ヨソのお子様なのに、なかなかに頭にくるような素敵なことをしてくれるので、大人げなく怒りたくなることもあったが、1人1人が個性的で、面白くて、愛おしくて。
発達が〜グレーゾーンが〜と、更には上の娘の不登校が〜と、子育てに悩んでばかりいた私にとって、救いのような活動だった。


今、日本のボーイスカウトの構成人数は全国的に減少傾向とのこと。
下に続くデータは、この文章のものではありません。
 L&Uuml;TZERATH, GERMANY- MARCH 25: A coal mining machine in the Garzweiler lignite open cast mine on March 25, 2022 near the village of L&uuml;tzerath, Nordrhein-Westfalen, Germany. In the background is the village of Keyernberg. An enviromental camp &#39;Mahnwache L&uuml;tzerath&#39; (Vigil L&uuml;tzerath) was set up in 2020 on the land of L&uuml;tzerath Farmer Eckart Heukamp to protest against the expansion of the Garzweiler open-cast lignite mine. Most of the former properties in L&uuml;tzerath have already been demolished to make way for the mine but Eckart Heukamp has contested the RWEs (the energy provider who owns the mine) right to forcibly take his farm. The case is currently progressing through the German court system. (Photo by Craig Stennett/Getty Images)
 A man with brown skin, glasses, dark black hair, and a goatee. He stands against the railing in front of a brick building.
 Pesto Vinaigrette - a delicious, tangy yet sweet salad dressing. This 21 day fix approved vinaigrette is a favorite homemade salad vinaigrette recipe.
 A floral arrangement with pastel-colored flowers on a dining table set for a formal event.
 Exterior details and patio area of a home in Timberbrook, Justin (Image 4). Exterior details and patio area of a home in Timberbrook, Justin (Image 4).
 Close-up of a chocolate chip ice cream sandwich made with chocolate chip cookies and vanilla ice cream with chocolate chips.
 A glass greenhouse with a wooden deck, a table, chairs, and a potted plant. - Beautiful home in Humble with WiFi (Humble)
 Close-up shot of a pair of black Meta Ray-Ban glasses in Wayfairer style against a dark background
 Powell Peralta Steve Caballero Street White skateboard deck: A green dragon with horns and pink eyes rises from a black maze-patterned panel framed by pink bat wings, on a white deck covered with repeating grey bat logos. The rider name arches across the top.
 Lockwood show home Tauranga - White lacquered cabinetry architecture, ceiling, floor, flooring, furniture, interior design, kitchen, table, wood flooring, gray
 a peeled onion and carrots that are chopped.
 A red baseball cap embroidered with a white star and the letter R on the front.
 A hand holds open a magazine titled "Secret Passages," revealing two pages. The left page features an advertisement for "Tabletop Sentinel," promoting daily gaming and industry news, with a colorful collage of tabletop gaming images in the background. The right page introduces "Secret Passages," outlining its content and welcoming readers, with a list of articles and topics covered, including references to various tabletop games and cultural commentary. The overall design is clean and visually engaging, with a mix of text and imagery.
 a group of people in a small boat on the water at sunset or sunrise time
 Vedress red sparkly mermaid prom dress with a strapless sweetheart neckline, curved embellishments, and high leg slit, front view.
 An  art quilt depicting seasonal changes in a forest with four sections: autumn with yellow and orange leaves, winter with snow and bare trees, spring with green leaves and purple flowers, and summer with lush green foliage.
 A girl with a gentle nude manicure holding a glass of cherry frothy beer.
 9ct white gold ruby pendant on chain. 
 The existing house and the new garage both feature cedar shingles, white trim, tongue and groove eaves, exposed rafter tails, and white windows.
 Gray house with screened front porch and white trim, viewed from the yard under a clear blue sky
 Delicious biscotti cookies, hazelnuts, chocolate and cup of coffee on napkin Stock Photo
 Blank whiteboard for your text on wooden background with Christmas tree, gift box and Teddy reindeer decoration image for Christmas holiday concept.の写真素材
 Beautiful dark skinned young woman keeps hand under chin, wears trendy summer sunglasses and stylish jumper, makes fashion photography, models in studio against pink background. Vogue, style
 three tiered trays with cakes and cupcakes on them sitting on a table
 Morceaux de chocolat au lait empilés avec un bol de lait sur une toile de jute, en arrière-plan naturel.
団体数も減っているようだ。
息子が参加した団体は、周辺の人数の少ない団体を吸収したこともあり、地域では大きめの組織だったが、それでも徐々に子どもの数は減ってきているようだった。

少子高齢化だから仕方がないだろうし、ちょっと古風で面倒くさそうな、昭和のニオイも感じる組織なので、、、なかなか入りずらいのかも。
私も息子を入隊させる時には若干躊躇した。

でも、実際入ってみて、これは、、、発達に課題を抱えた子ども達や、子育てで独りで苦悩している親にとって、かなりフィットする、今日的な活動をしている団体なのでは?と思う。

結局、息子はカブスカウトを卒業して本格的なボーイスカウトの組織に上進するタイミングで、自ら中学受験に集中したいと言い出したので辞めることになった。
やり切ってさっぱりした感じで息子は退団したが、私の方がよっぽど寂しかった。

「いつでも戻っておいで。」と、団体の皆様に言ってもらっているので、息子がまた戻りたいって言ってくれないかな? 
などと、期待している。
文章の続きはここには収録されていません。